“Super Junesday” Marks Uneven Debut for Large Scale Mail-in Voting

Yesterday’s primary elections were a referendum on the nation’s readiness for mail-in voting in November’s general election as much as the candidates themselves— and the results were middling.

In remote voting’s first big test of 2020, eight states and the District of Columbia went to the polls yesterday. Five of those states had pushed back their primaries to June 2 due to the pandemic.

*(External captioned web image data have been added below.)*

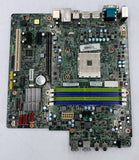 Lenovo AM4LPMS DDR4, AM4 Socket Motherboard 5B20U53718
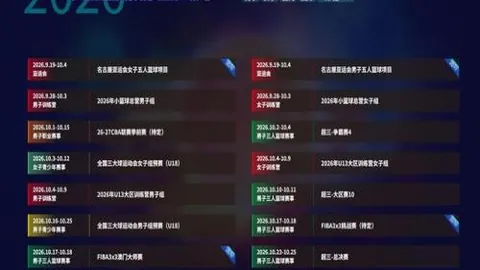 詹俊警示：红军球迷应直面引援挫折，冠军梦碎源于时机紧迫，错失最佳引援期！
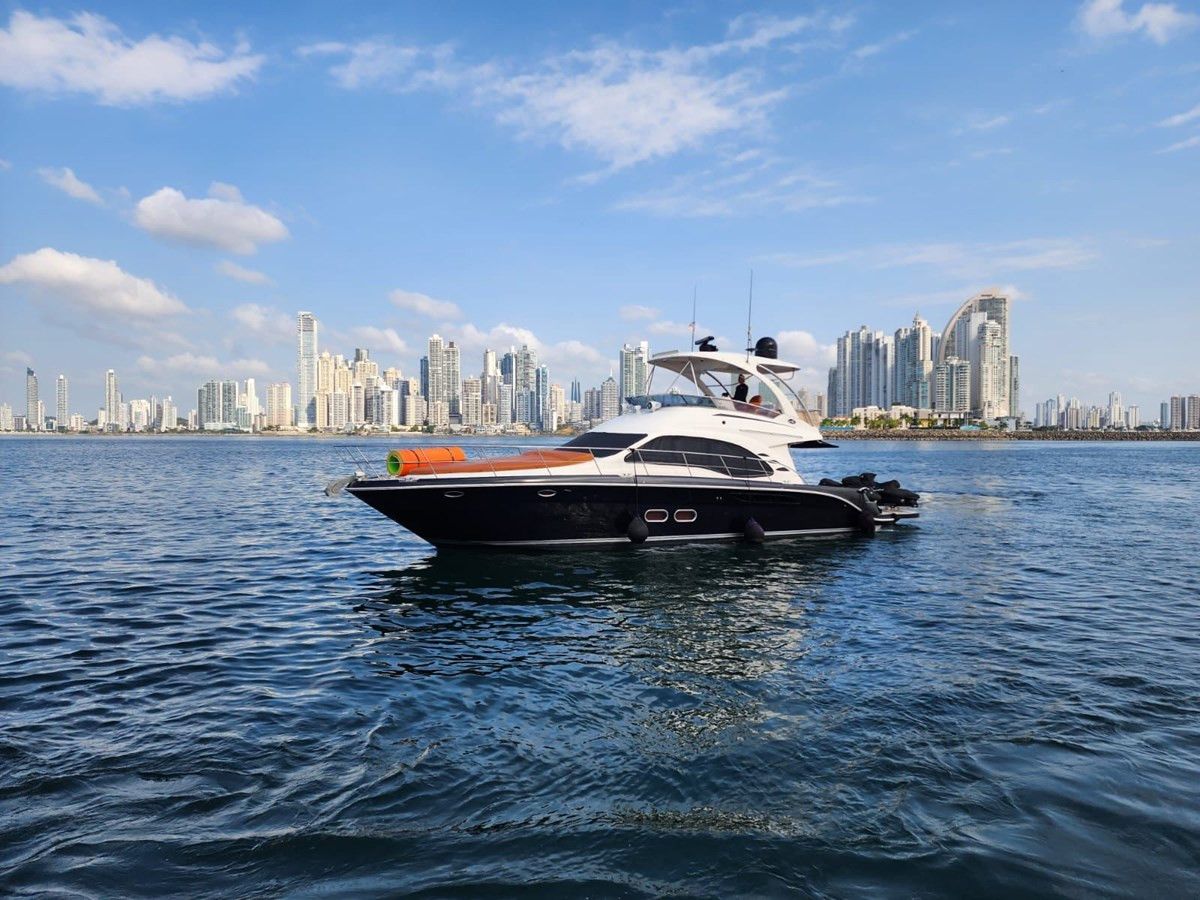 https://arconyachts.ams3.digitaloceanspaces.com/134254/conversions/large_3864528-optimize.jpg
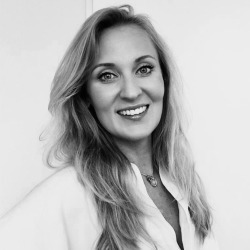 DMCG Global testimonial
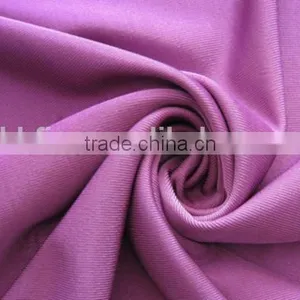 100 Cotton Poplin Fabric Plain Cloth China Supplier thumbnail-2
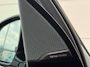 BMW iX3 High Exe 80kWh Org NL Pano Head up HK SOH 98,3% Apple 360 Cam Mem seats Dodehoek detectie Lane assist Sfeer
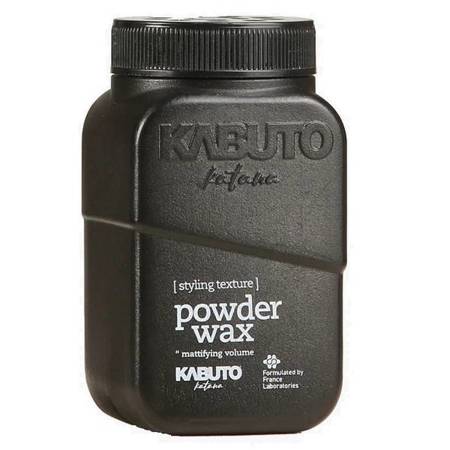 pol_pm_KABUTO-KATANA-Powder-Wax-Mattifying-Volume-Matujacy-Puder-Do-Wlosow-20g-112247_1.jpg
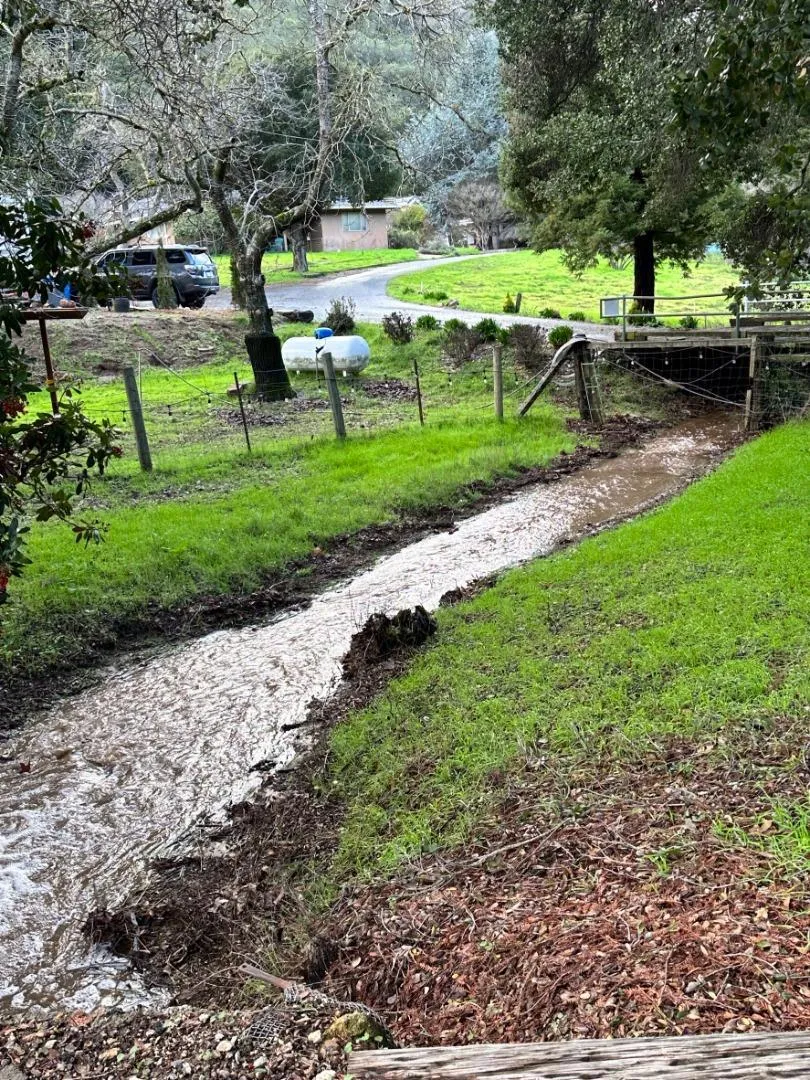 2555 San Juan Canyon Road San Juan Bautista, CA 95045
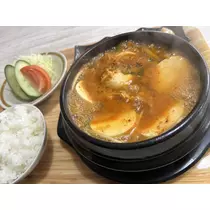えれな♥えりぴ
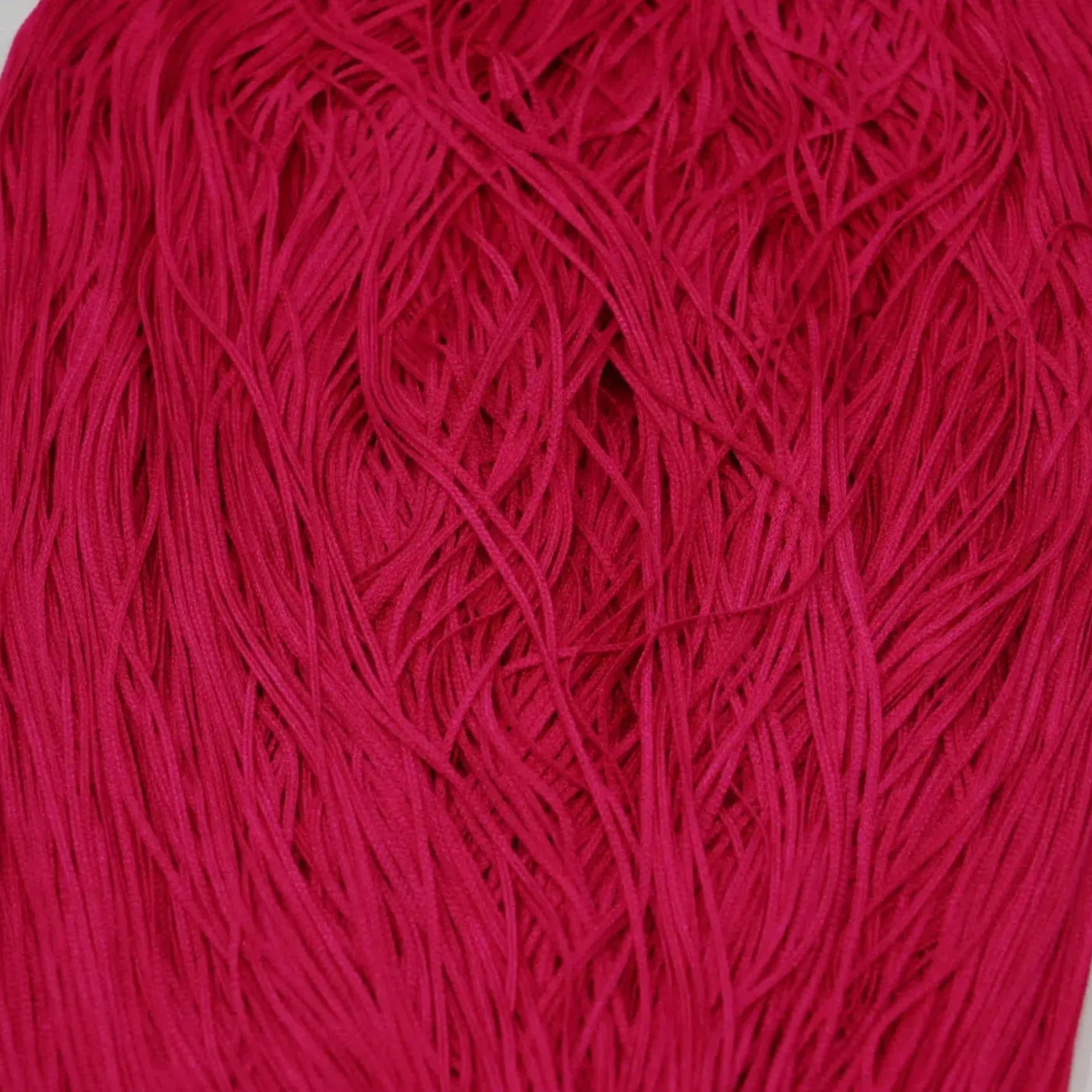 T0655 Hubba Hubba Soie Tissée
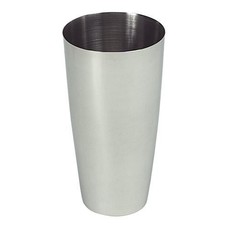 Mix beker 0,59L – 0,830 l – 9,2 cm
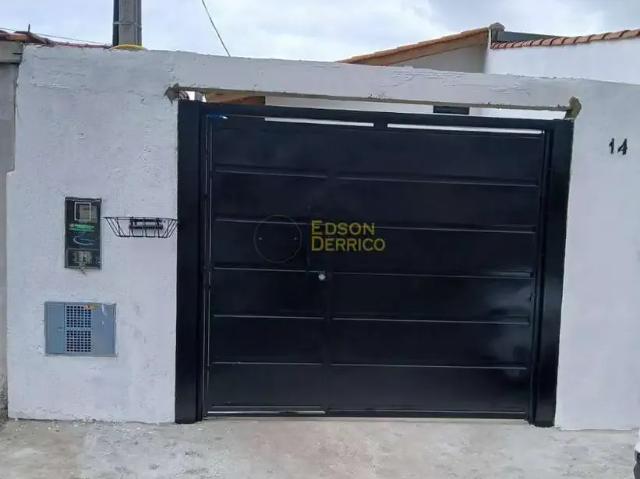 Casa aluguel em Região Imediata de Taubaté-Pindamonhangaba, Região Metropolitana do Vale do Paraíba e Litoral Norte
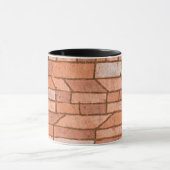 Klee - Barracks-Siedlung, Tasse (Zentrum)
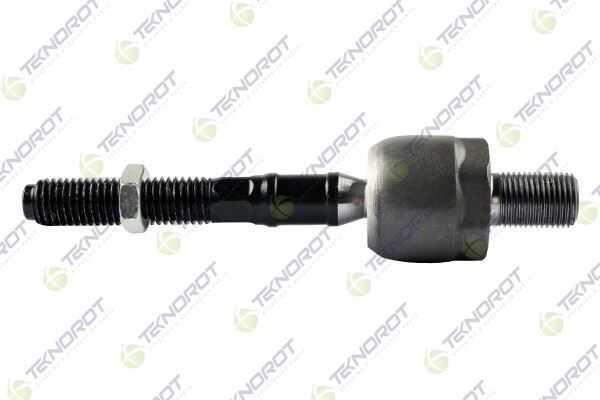 TEKNOROT VO-653 ROT MİLİ KALIN DİŞ SOL/SAĞ VOLVO S80 I 1998-2006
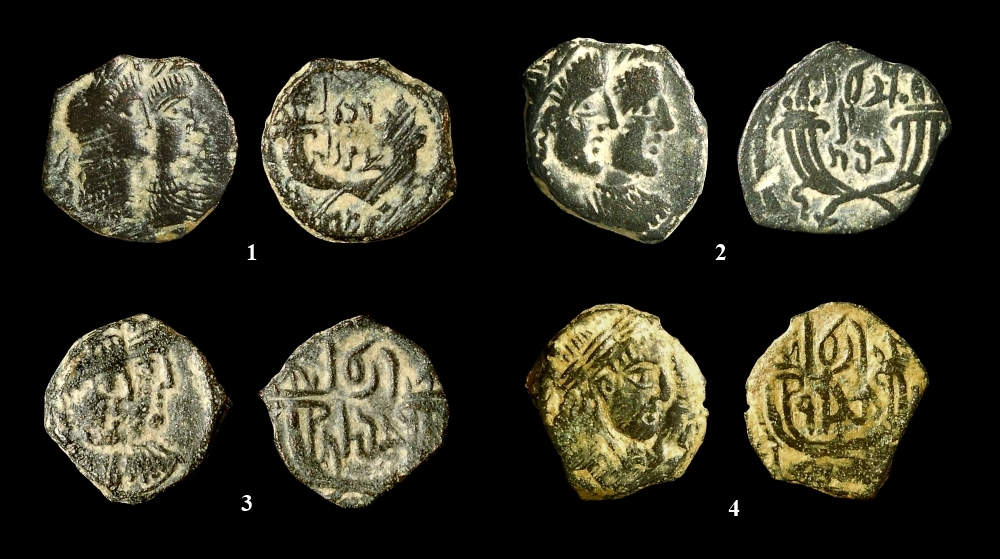 rabbel plate.jpg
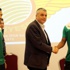 Akhisar Belediyespor'dan iki transfer birden! Akhisar Belediyespor'dan iki transfer birden!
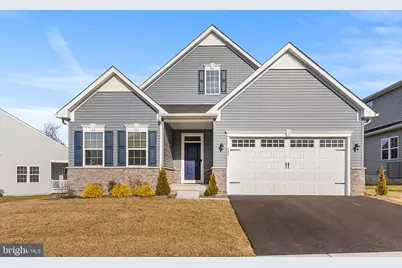 223 Letitia Manor Drive, West Grove, PA 19390 - Photo 3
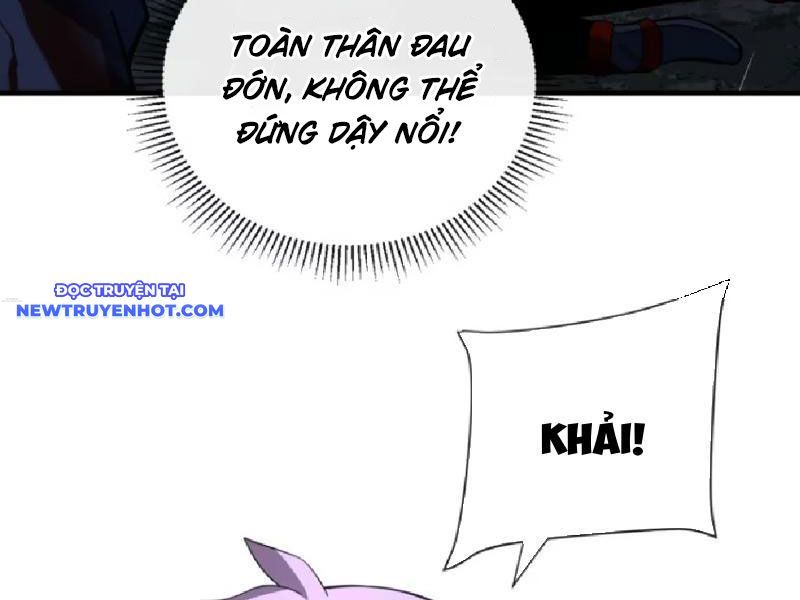 Mệnh Luân Chi Chủ! Làm Kẻ Biến Dị Giáng Xuống Nhân Gian Chap 75 - Next Chap 76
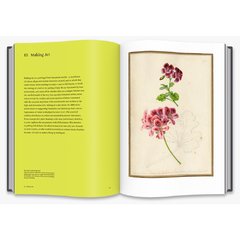 Botanical Sketchbooks - tienda online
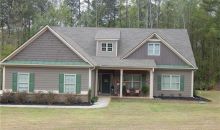 438 Prime Dr Commerce, GA 30530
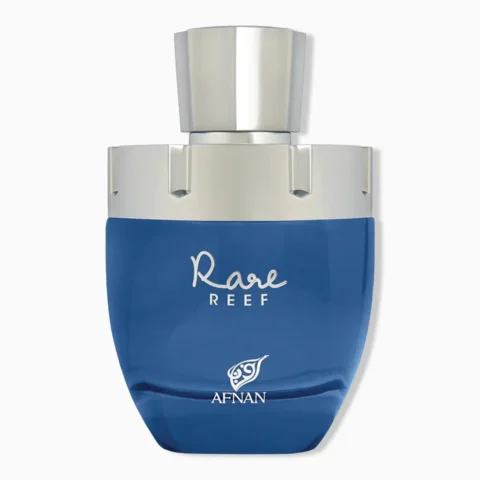 Afnan Rare Reef prix maroc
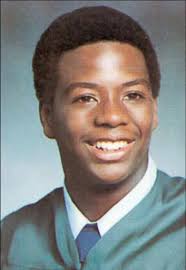 Class of 1977 (North Miami Senior High)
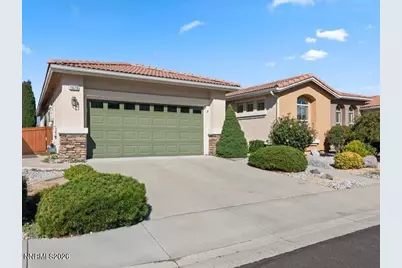 1679 Veneto Drive, Sparks, NV 89434 - Photo 1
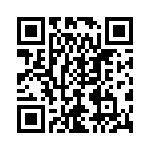 T491D476M025AN QRCode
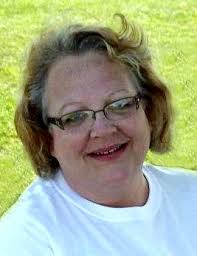 Obituary information for Debra "Mama Deb" Lynn Weese Cottrell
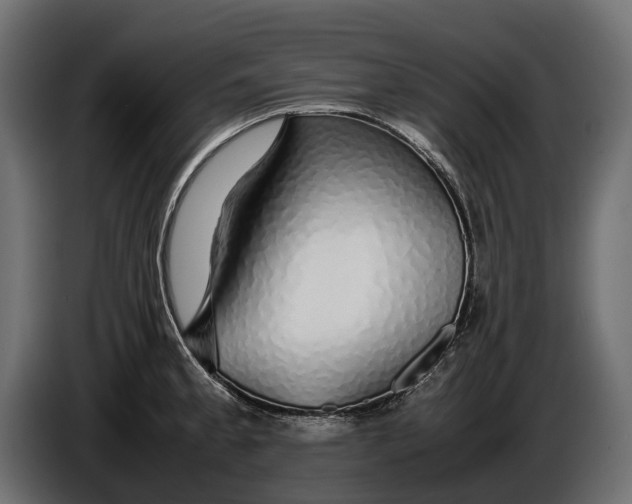 X0000086081189200704132056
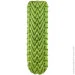 Nils   CAMP NC4005  (38532-08)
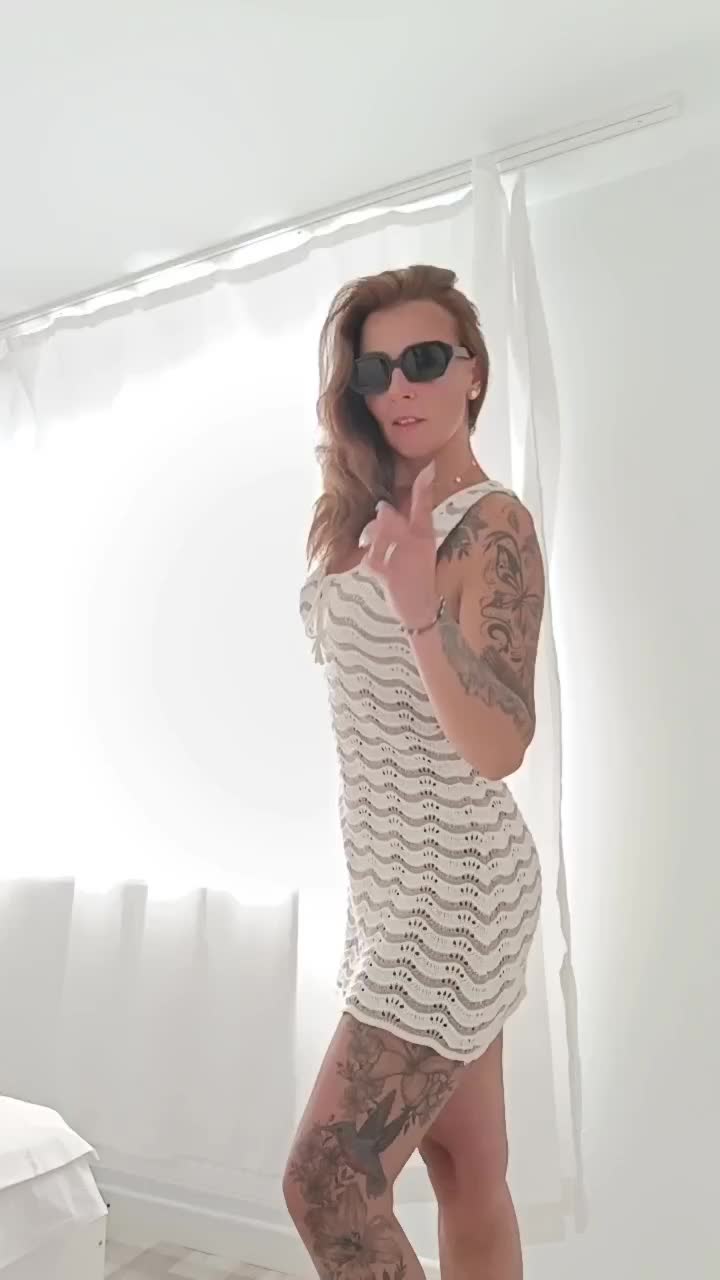 @Claudia83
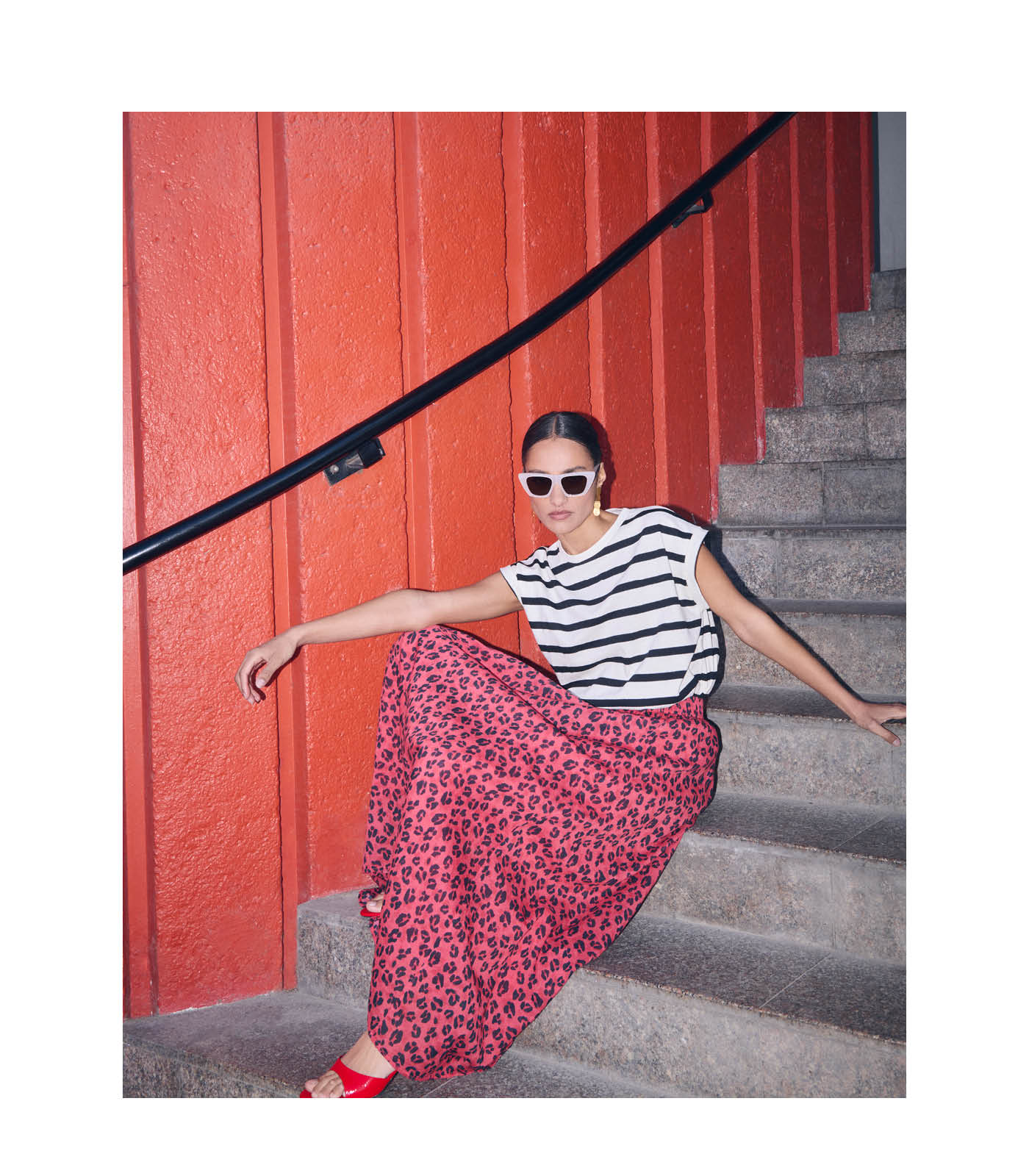 blogpagina - afb3 -desktop - skirts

The nation’s patchwork of “no-excuse” absentee voting, mail-in voting and early voting has been complicated by politics, legal questions, ballot delivery delays as the Postal Service struggles to keep up and other logistical challenges.

As local officials encouraged voters to participate in expanded mail-in-balloting, pandemic voting protocols included social distancing at the polls, waived absentee-excuse rules, and in DC, allowing voters to cast their ballot at any polling place in the city.

Voters encountered failed voting machines in Pennsylvania, thousands of missing mail-in ballots in DC, and long lines in Baltimore exacerbated by reduced polling locations and social distancing. Some polling stations closed well after midnight.

Eighty-six percent fewer voting locations than normal were open in DC, and 90 percent fewer in Indianapolis. Only six voting locations were open in Baltimore.